"Pro bono" means getting more than you give
Craig Kellogg -- Interior Design
William McDonough + Partners is now completing plans for a Make It Right duplex. Being "associated with doing good things" is important to the firm, communications director Kira Gould says. She adds that McDonough viewed the duplex as a chance to explore modularity and to work on a residential scale in a long-ignored community. "Does it hurt," she jokes, "when Brad Pitt is on Larry King Live, talking about Make It Right?"
The opportunity to give back obviously has extra appeal in a difficult economy, with many projects indefinitely on hold. "Designers are looking to put their passion into something worthwhile," HLW managing principal Chari Jalali says.
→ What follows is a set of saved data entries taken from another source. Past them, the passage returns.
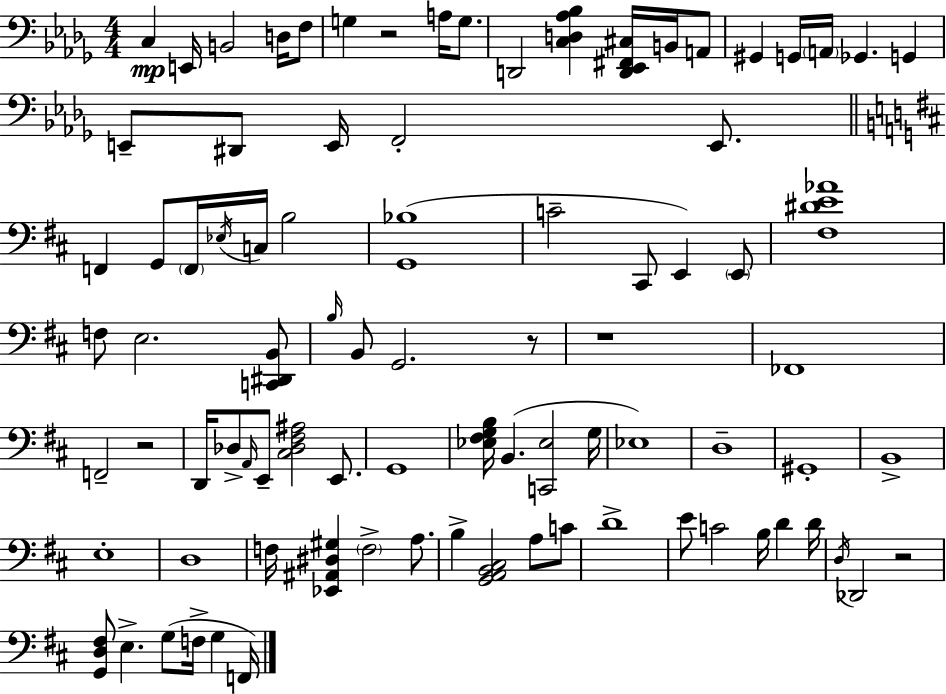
{
  \clef bass
  \numericTimeSignature
  \time 4/4
  \key bes \minor
  \repeat volta 2 { c4\mp e,16 b,2 d16 f8 | g4 r2 a16 g8. | d,2 <c d aes bes>4 <d, ees, fis, cis>16 b,16 a,8 | gis,4 g,16 \parenthesize a,16 ges,4. g,4 | \break e,8-- dis,8 e,16 f,2-. e,8. | \bar "||" \break \key d \major f,4 g,8 \parenthesize f,16 \acciaccatura { ees16 } c16 b2 | <g, bes>1( | c'2-- cis,8 e,4) \parenthesize e,8 | <fis dis' e' aes'>1 | \break f8 e2. <c, dis, b,>8 | \grace { b16 } b,8 g,2. | r8 r1 | fes,1 | \break f,2-- r2 | d,16 des8-> \grace { a,16 } e,8-- <cis des fis ais>2 | e,8. g,1 | <ees fis g b>16 b,4.( <c, ees>2 | \break g16 ees1) | d1-- | gis,1-. | b,1-> | \break e1-. | d1 | f16 <ees, ais, dis gis>4 \parenthesize f2-> | a8. b4-> <g, a, b, cis>2 a8 | \break c'8 d'1-> | e'8 c'2 b16 d'4 | d'16 \acciaccatura { d16 } des,2 r2 | <g, d fis>8 e4.-> g8( f16-> g4 | \break f,16) } \bar "|."
}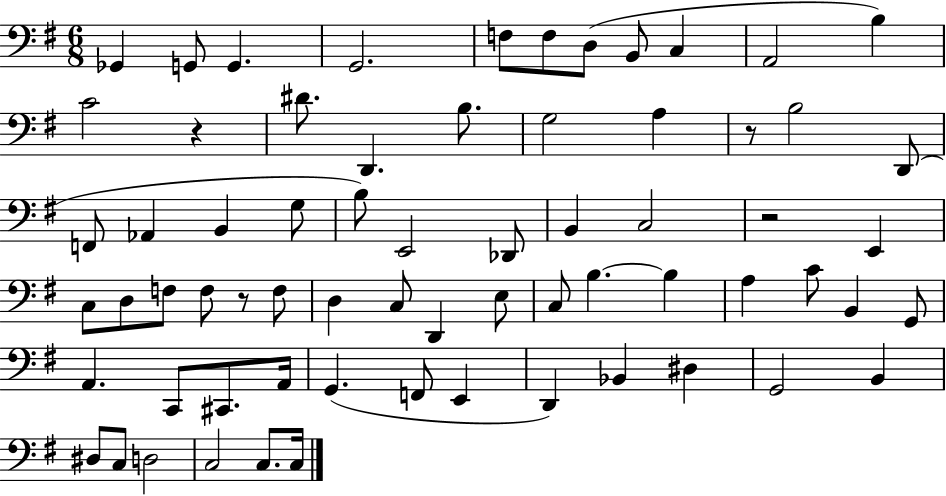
Gb2/q G2/e G2/q. G2/h. F3/e F3/e D3/e B2/e C3/q A2/h B3/q C4/h R/q D#4/e. D2/q. B3/e. G3/h A3/q R/e B3/h D2/e F2/e Ab2/q B2/q G3/e B3/e E2/h Db2/e B2/q C3/h R/h E2/q C3/e D3/e F3/e F3/e R/e F3/e D3/q C3/e D2/q E3/e C3/e B3/q. B3/q A3/q C4/e B2/q G2/e A2/q. C2/e C#2/e. A2/s G2/q. F2/e E2/q D2/q Bb2/q D#3/q G2/h B2/q D#3/e C3/e D3/h C3/h C3/e. C3/s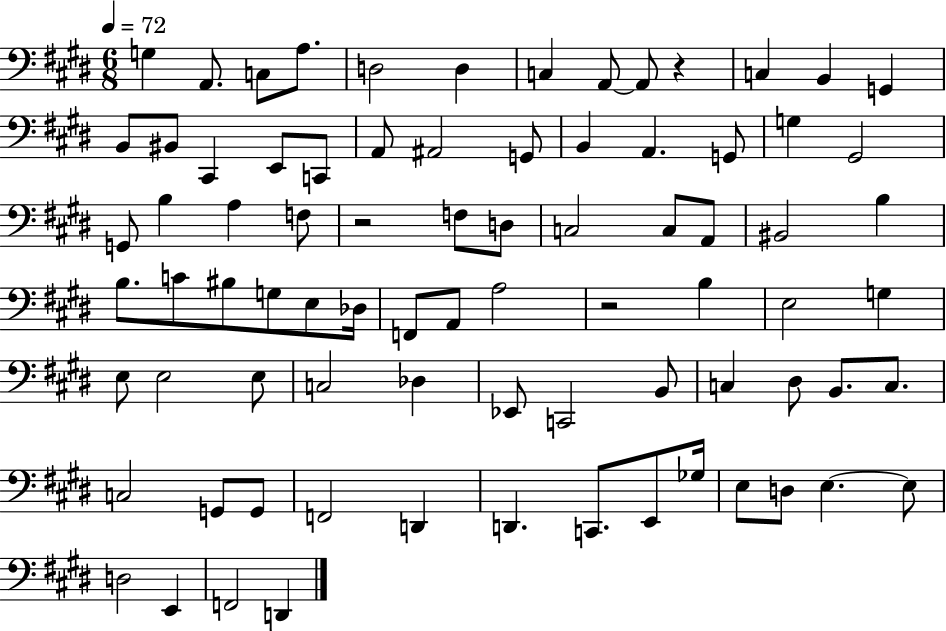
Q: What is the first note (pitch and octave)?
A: G3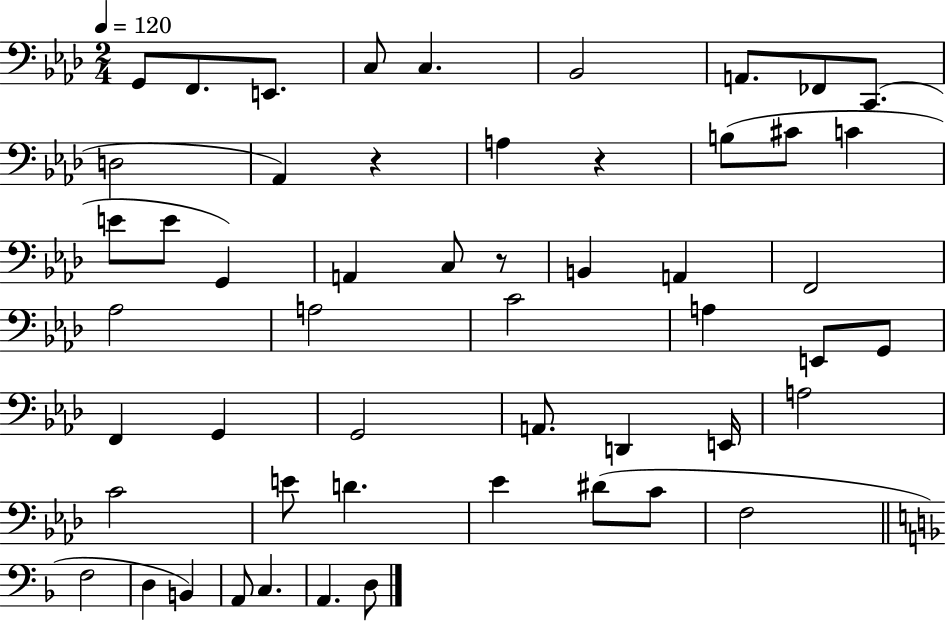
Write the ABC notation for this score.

X:1
T:Untitled
M:2/4
L:1/4
K:Ab
G,,/2 F,,/2 E,,/2 C,/2 C, _B,,2 A,,/2 _F,,/2 C,,/2 D,2 _A,, z A, z B,/2 ^C/2 C E/2 E/2 G,, A,, C,/2 z/2 B,, A,, F,,2 _A,2 A,2 C2 A, E,,/2 G,,/2 F,, G,, G,,2 A,,/2 D,, E,,/4 A,2 C2 E/2 D _E ^D/2 C/2 F,2 F,2 D, B,, A,,/2 C, A,, D,/2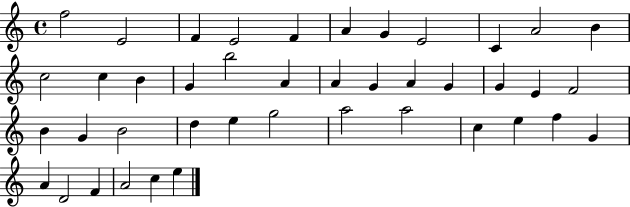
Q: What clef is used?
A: treble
It was Jalali who ultimately authorized a $15,000 donation of architectural services to turn a Los Angeles warehouse into a depot for Trash for Teaching, which brings recycled materials into children's art classes.
Some of those items, such as paper rolls and ballpoint-pen caps, actually became creative construction materials for the project, which represents both the paid and the unpaid efforts of HLW. Consultants and contractors that the firm patronizes also chipped in for a total of $150,000 in donated construction costs, Jalali estimates. "We caught everybody at an opportune time, because they were slow," she notes.
SPG Architects's health clinic for the Kageno foundation in the Rwandan village of Banda; courtesy of SRG Architects.
The economy was no better in New York when the AIA chapter invited such nonprofits as the U.S. Green Building Council and Architecture for Tibet to solicit volunteers at a free lunch. An unprecedented 250 hungry design professionals showed up for the sandwiches and camaraderie. A job-seeking graduate, Sophia Vincent, credits the event with introducing her to Engineers Without Borders, which asked her to volunteer on a library for a Kenyan village. The project cost just $7,400. To save money, lava-stone blocks were quarried nearby, and locals baked the bricks.
SPG Architects is doing pro bono work in Rwanda. A veteran of 30 shop interiors for Polo Ralph Lauren, partner Eric Gartner encountered a little resistance to the Ralph-esque earth tones he'd planned to paint a health clinic for Kageno, a foundation supported by Donna Karan and Meryl Streep. "When the images came back showing a kind of canary yellow, we were moderately shocked," he admits.
The clinic is part of an SPG master plan for a small village of buildings, from classrooms to ecotourism bungalows with composting toilets. As the job ballooned to 36,000 square feet, Gartner found it hard to say no. "How could we really tell them that enough was enough?" he asks. Fortunately, the effort remained recession-friendly for SPG, as four staffers committed to working late, unpaid.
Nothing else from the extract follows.